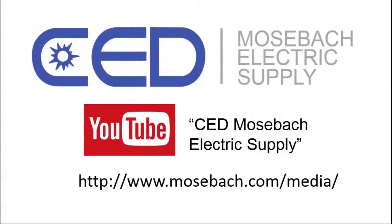Once again, thank you for watching, and don't forget to check out future and current videos by subscribing to CED Moesbaugh Electric Supply on YouTube, or visiting www.moesbaugh.com slash media. Thanks again.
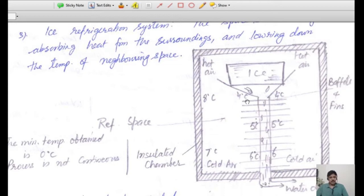The cooled, denser air will go down along the sides while hot air rises up to take its place. This natural convection circulation is created automatically: hot air rises, comes in contact with the ice, cools down, then descends through the side walls. Meanwhile, more hot air comes upward, contacts the ice, and this process keeps going until the whole space attains a uniform temperature.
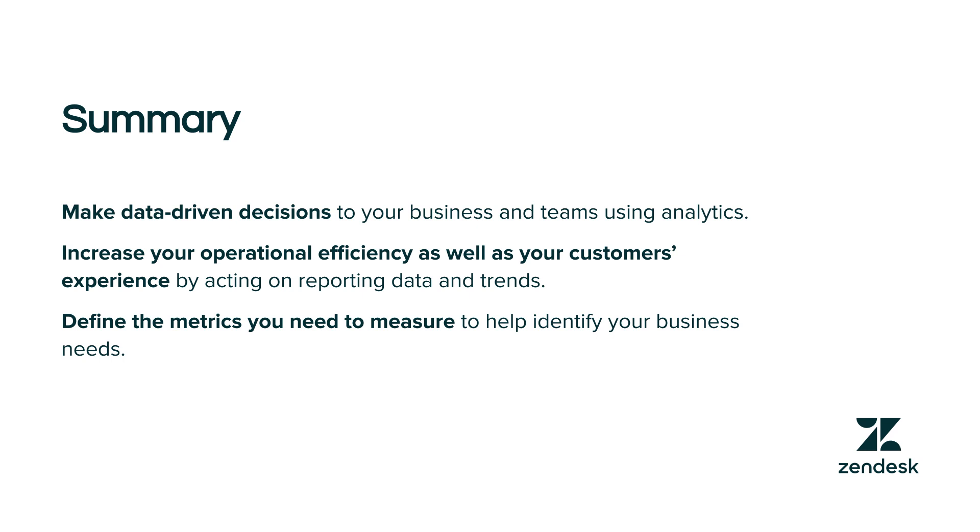So in summary, make data-driven decisions to your business and teams using analytics. Increase your operational efficiency as well as your customer's experience by acting on reporting data and trends. And define the metrics you need to measure to help identify your business needs.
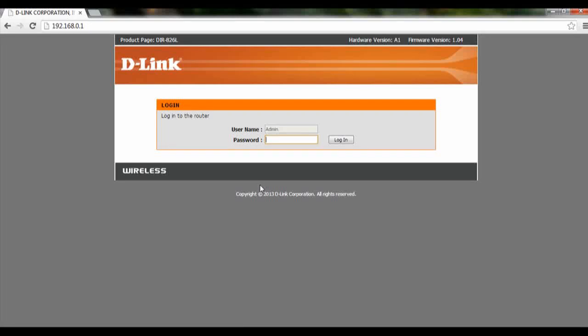Hi and welcome to this tutorial on how to enable remote management on the DIR826L and also how to disable the graphical authentication on the DIR826L.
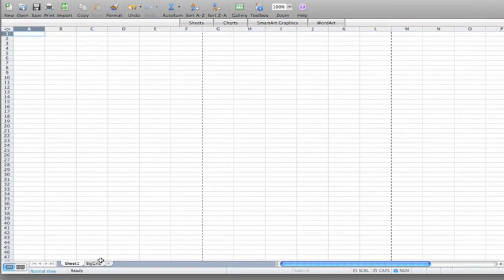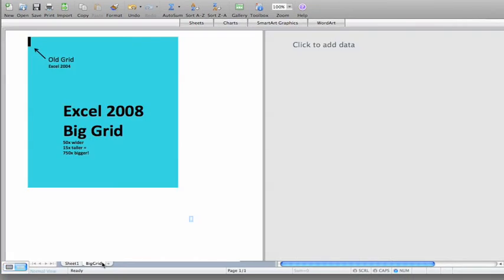This graphic makes it easier to grasp the relative size difference between past and present Excel grids.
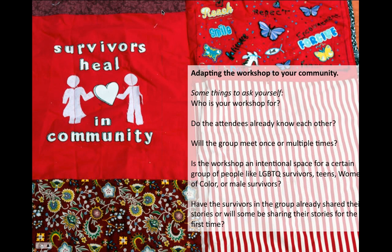Is the workshop an intentional space for certain groups like LGBTQ survivors, teens, women of color, or male survivors? Have the survivors in the group already shared their stories or will some be sharing for the first time? If this is a group who's never been in a collective therapeutic space — maybe they haven't even told people in their lives — the way things are facilitated might be very different than for a group who has gone through therapy, told their story, and been involved in advocacy.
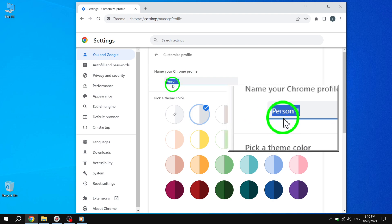Step 6. Click inside the text box next to Name Your Chrome Profile and type in the new name you want to use for your profile account.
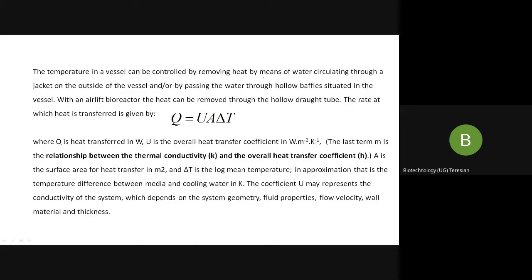To remove this heat, as covered in previous classes, you can remove heat by means of water circulating through your jacket. If this is the vessel, there will be a water circulating system through which heat can be removed from your fermenter. Another way is by passing water through hollow baffles. Baffles are used in fermentation to prevent vortex formation.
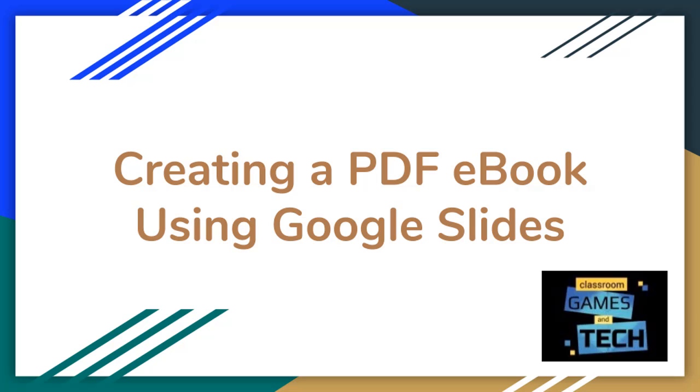Here's an easy way for teachers and students to create an e-book. I call it an e-book, but it's actually a PDF file, and that means it's easy to share online and people can read it on just about any device, from phones to tablets to computers.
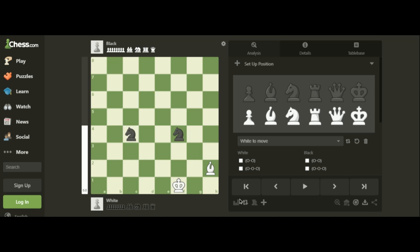In the next move, even if the opponent plays knight to c6, we can simply capture the knight. The position is now equal — before, black was stronger, but now white and black are equal. This is how we use the skewer attack. Thank you for watching, see you next time.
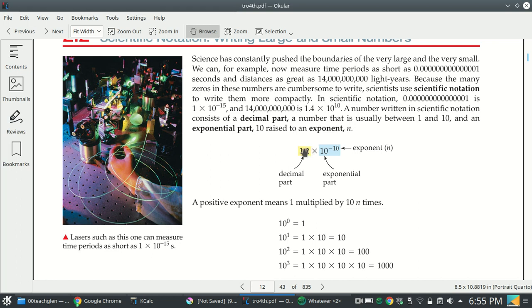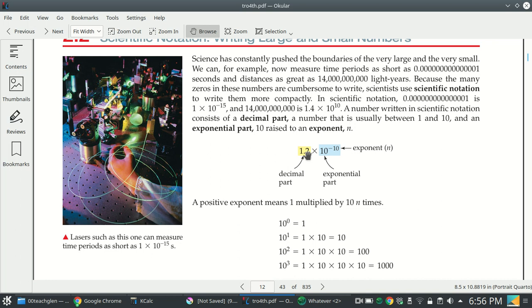So we've got the decimal part and the exponential part. The exponential part is very important. The decimal part is also very important, but the exponential part is most important because 1.2 is very different from 1.2 times 10 to the negative 10. 1.2 times 10 to the negative 10 might be the size of an atom in meters, but 1.2 meters would be like half your height. If you have the exponential part wrong, you're a lot wrong. If you have the decimal part wrong, you might be just a little bit wrong.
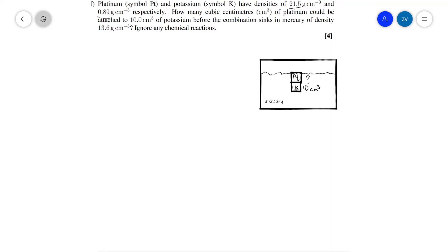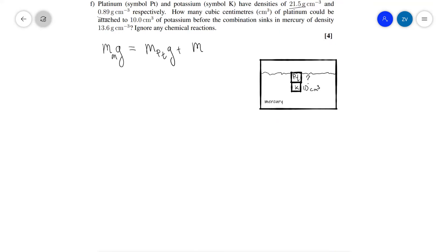This is a classic Archimedes principle problem. Archimedes' principle says that the upthrust is equal to the weight of the liquid that's been displaced. In this case, the displaced weight will be equal to the mass of the mercury multiplied by g, and this will equal the mass of the platinum times g plus the mass of the potassium times g. Remember, in general mass equals density times volume, so we can plug this in.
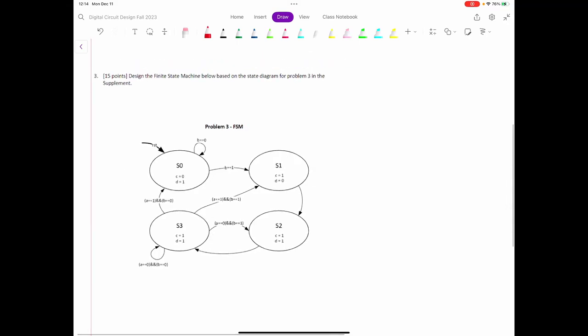Until now, most of the examples we went over in class were ones where you had the code and we had to draw the finite state machine. We did an example going from the finite state machine to the code, but I'm going to do one here so you understand it better.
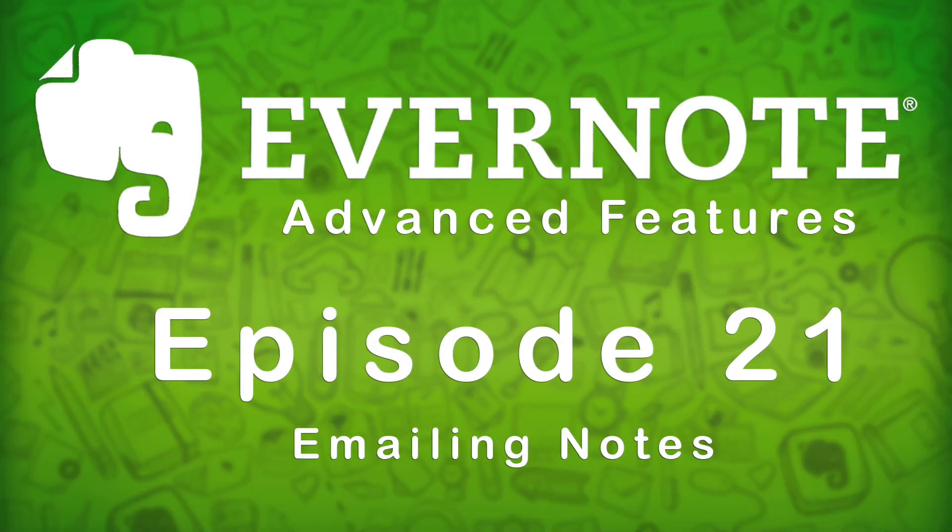Welcome to another episode of Evernote Advanced Features. My name is Jerry Colbert, and in this week's episode, we're going to be talking all about emailing notes. Coming up next.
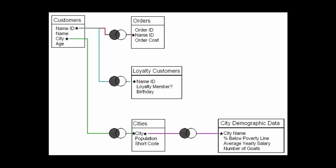Here we have a diagram showing our tables, the fields for each table, and the fields that are used to join each table together. This is sometimes known as an ERD, or Entity Relationship Diagram. I've put stars beside every field that I want to use to join tables together. These are fields that have common data between different tables, such as Name ID in Customers, matching up with Name ID in Orders, or City in our Cities table, matching up with City Name in our City Demographic Data table.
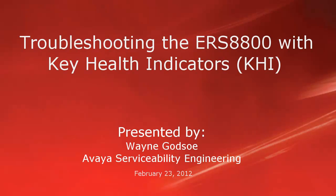Hello, my name is Wayne Godson from the Avaya Serviceability Engineering team. This tech tip will cover an overview of the key health indicators and the process to collect KHI data when troubleshooting the ERS 8800.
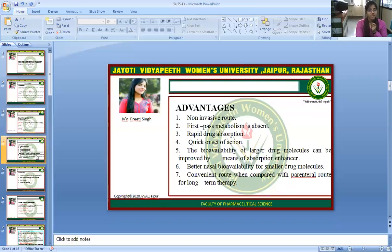The advantages of this nasopulmonary drug delivery system include: it is a non-invasive route, first-pass metabolism is absent, and there is rapid drug absorption. There is quick onset of action, and bioavailability of larger drug molecules can be improved by means of absorption enhancers. There is better nasal bioavailability for smaller drug molecules, and it is a convenient route compared to the parenteral route for long-term therapy.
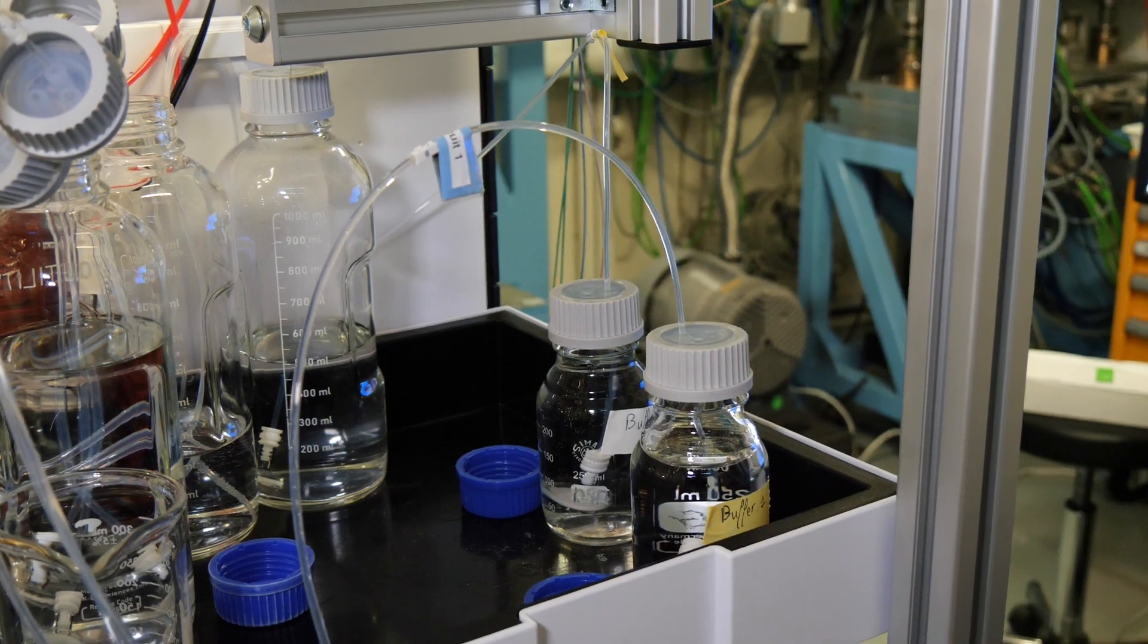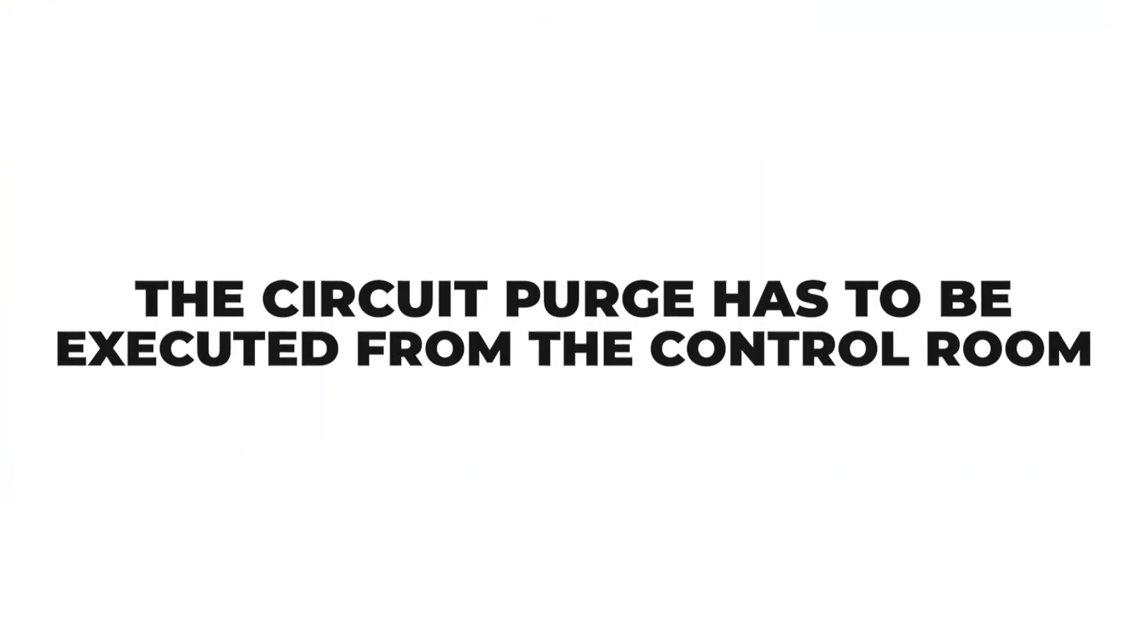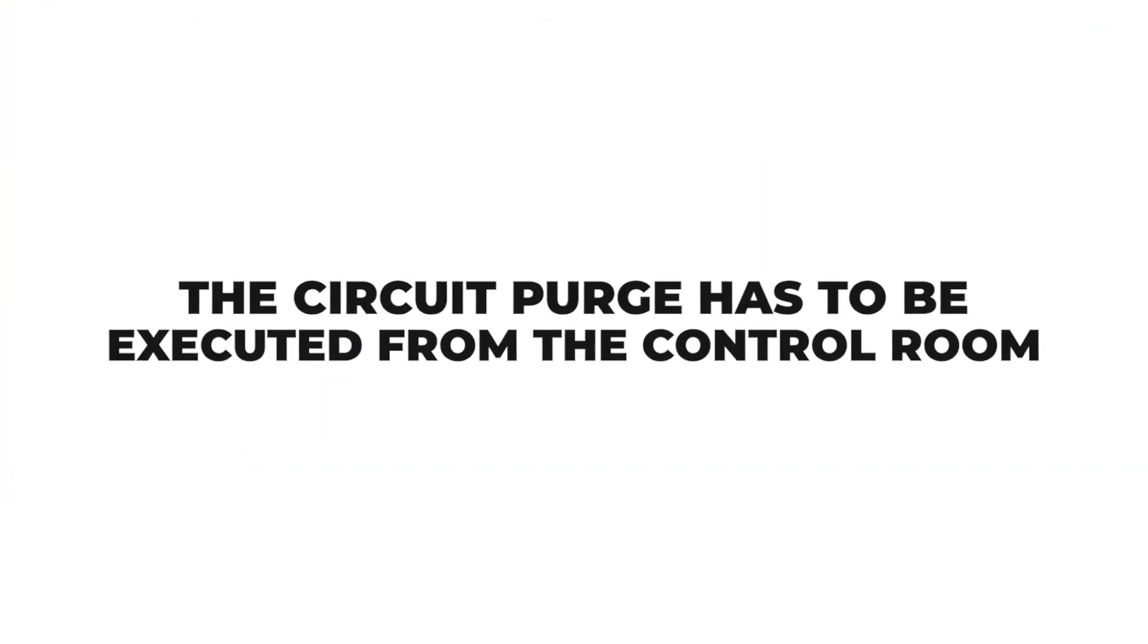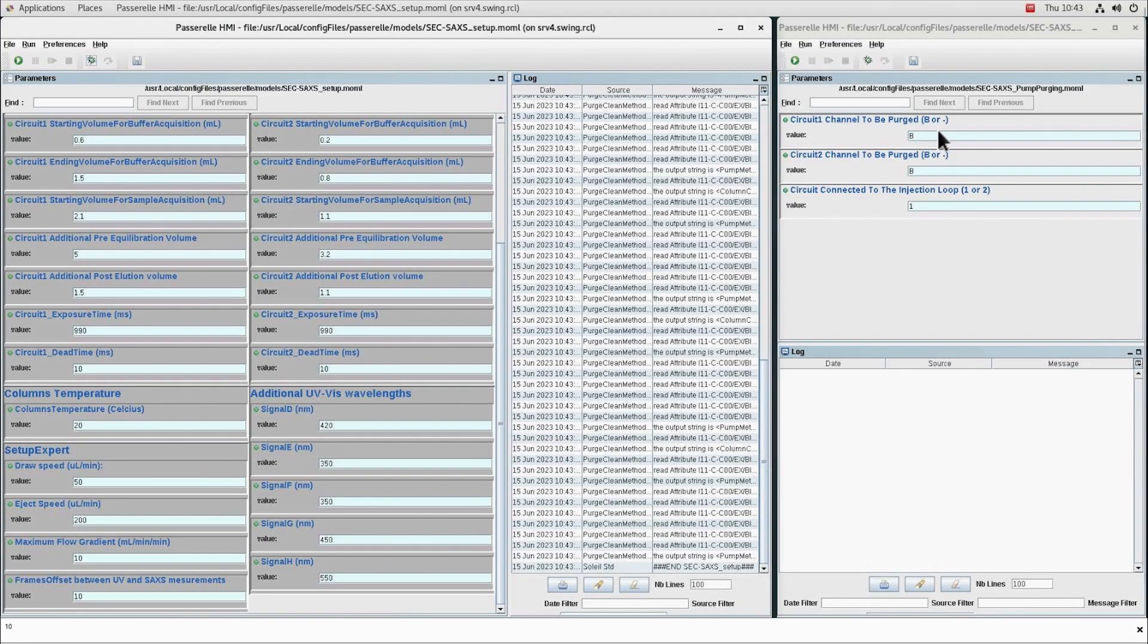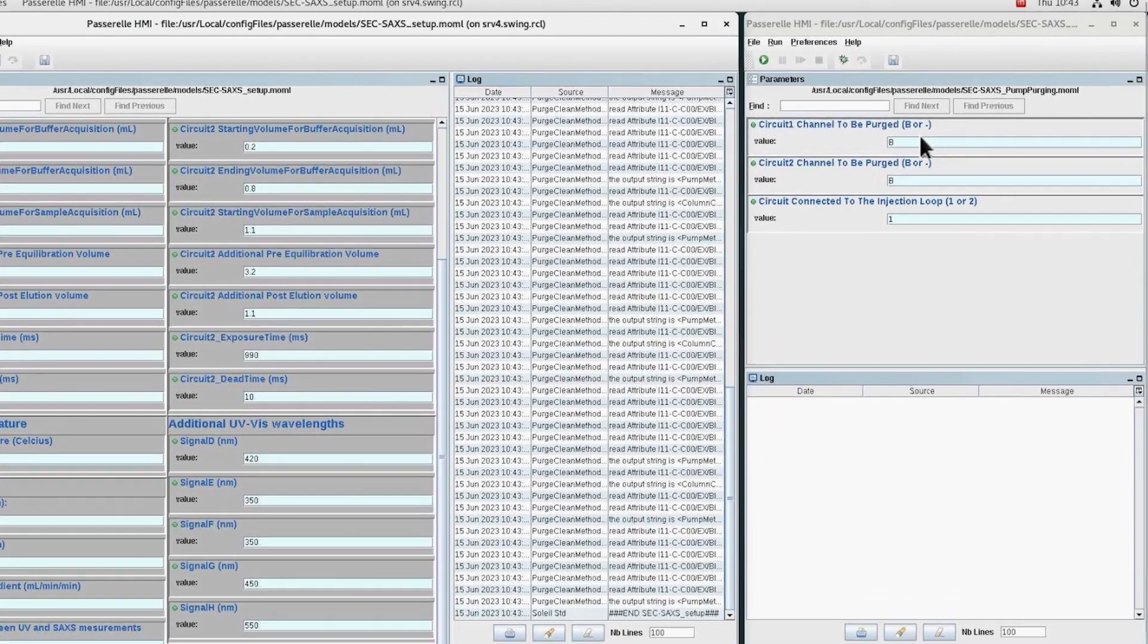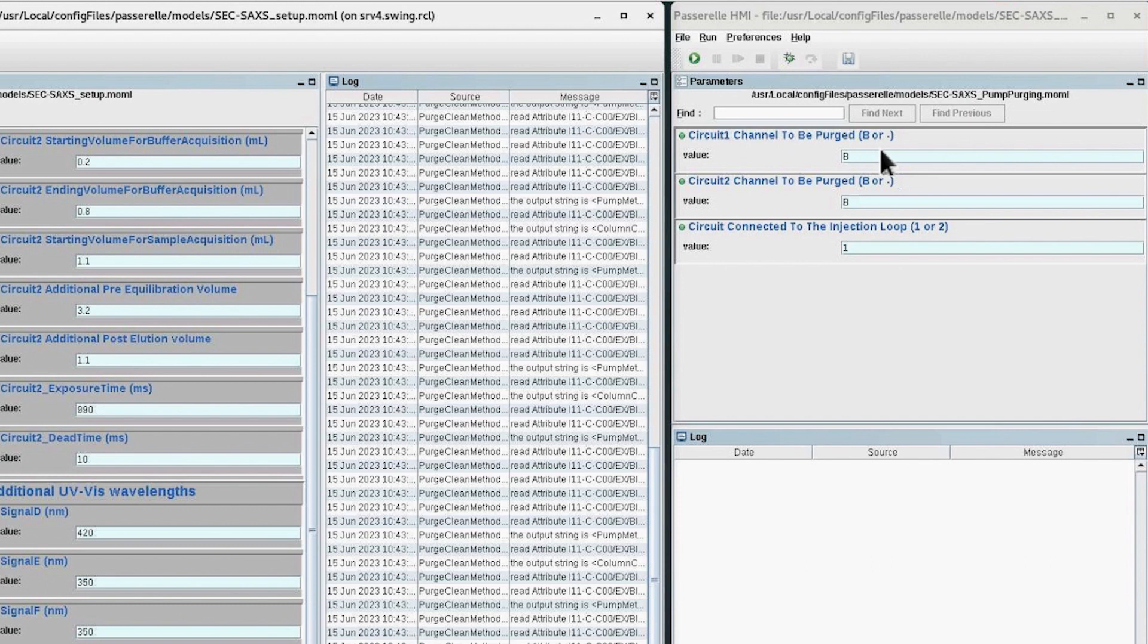When this is done, the circuit purge has to be executed from the control room. On the SEC-SAXS setup screen, the purge HPLC pump parameters need to be filled. If a circuit needs to be purged, the circuit to be purged parameter has to be B1.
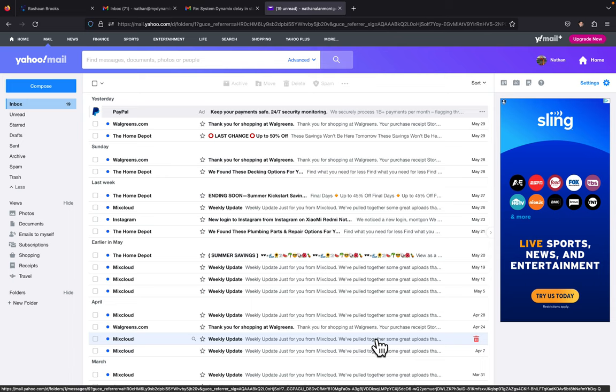Alright, in this video I'm going to show you how to add emails to your safe sender list in Yahoo email.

What to produce: Transcribe every line in the entries above, taking out only the images.

Task output:
Once again, thank you for watching, and don't forget to check out future and current videos by subscribing to CED Moesbaugh Electric Supply on YouTube, or visiting www.moesbaugh.com slash media. Thanks again.
The cooled, denser air will go down along the sides while hot air rises up to take its place. This natural convection circulation is created automatically: hot air rises, comes in contact with the ice, cools down, then descends through the side walls. Meanwhile, more hot air comes upward, contacts the ice, and this process keeps going until the whole space attains a uniform temperature.
So in summary, make data-driven decisions to your business and teams using analytics. Increase your operational efficiency as well as your customer's experience by acting on reporting data and trends. And define the metrics you need to measure to help identify your business needs.
Hi and welcome to this tutorial on how to enable remote management on the DIR826L and also how to disable the graphical authentication on the DIR826L.
This graphic makes it easier to grasp the relative size difference between past and present Excel grids.
Is the workshop an intentional space for certain groups like LGBTQ survivors, teens, women of color, or male survivors? Have the survivors in the group already shared their stories or will some be sharing for the first time? If this is a group who's never been in a collective therapeutic space — maybe they haven't even told people in their lives — the way things are facilitated might be very different than for a group who has gone through therapy, told their story, and been involved in advocacy.
Step 6. Click inside the text box next to Name Your Chrome Profile and type in the new name you want to use for your profile account.
To remove this heat, as covered in previous classes, you can remove heat by means of water circulating through your jacket. If this is the vessel, there will be a water circulating system through which heat can be removed from your fermenter. Another way is by passing water through hollow baffles. Baffles are used in fermentation to prevent vortex formation.
Here's an easy way for teachers and students to create an e-book. I call it an e-book, but it's actually a PDF file, and that means it's easy to share online and people can read it on just about any device, from phones to tablets to computers.
In the next move, even if the opponent plays knight to c6, we can simply capture the knight. The position is now equal — before, black was stronger, but now white and black are equal. This is how we use the skewer attack. Thank you for watching, see you next time.
So we've got the decimal part and the exponential part. The exponential part is very important. The decimal part is also very important, but the exponential part is most important because 1.2 is very different from 1.2 times 10 to the negative 10. 1.2 times 10 to the negative 10 might be the size of an atom in meters, but 1.2 meters would be like half your height. If you have the exponential part wrong, you're a lot wrong. If you have the decimal part wrong, you might be just a little bit wrong.
This is a classic Archimedes principle problem. Archimedes' principle says that the upthrust is equal to the weight of the liquid that's been displaced. In this case, the displaced weight will be equal to the mass of the mercury multiplied by g, and this will equal the mass of the platinum times g plus the mass of the potassium times g. Remember, in general mass equals density times volume, so we can plug this in.
Until now, most of the examples we went over in class were ones where you had the code and we had to draw the finite state machine. We did an example going from the finite state machine to the code, but I'm going to do one here so you understand it better.
Welcome to another episode of Evernote Advanced Features. My name is Jerry Colbert, and in this week's episode, we're going to be talking all about emailing notes. Coming up next.
Here we have a diagram showing our tables, the fields for each table, and the fields that are used to join each table together. This is sometimes known as an ERD, or Entity Relationship Diagram. I've put stars beside every field that I want to use to join tables together. These are fields that have common data between different tables, such as Name ID in Customers, matching up with Name ID in Orders, or City in our Cities table, matching up with City Name in our City Demographic Data table.
Hello, my name is Wayne Godson from the Avaya Serviceability Engineering team. This tech tip will cover an overview of the key health indicators and the process to collect KHI data when troubleshooting the ERS 8800.
The advantages of this nasopulmonary drug delivery system include: it is a non-invasive route, first-pass metabolism is absent, and there is rapid drug absorption. There is quick onset of action, and bioavailability of larger drug molecules can be improved by means of absorption enhancers. There is better nasal bioavailability for smaller drug molecules, and it is a convenient route compared to the parenteral route for long-term therapy.
When this is done, the circuit purge has to be executed from the control room. On the SEC-SAXS setup screen, the purge HPLC pump parameters need to be filled. If a circuit needs to be purged, the circuit to be purged parameter has to be B1.
Alright, in this video I'm going to show you how to add emails to your safe sender list in Yahoo email.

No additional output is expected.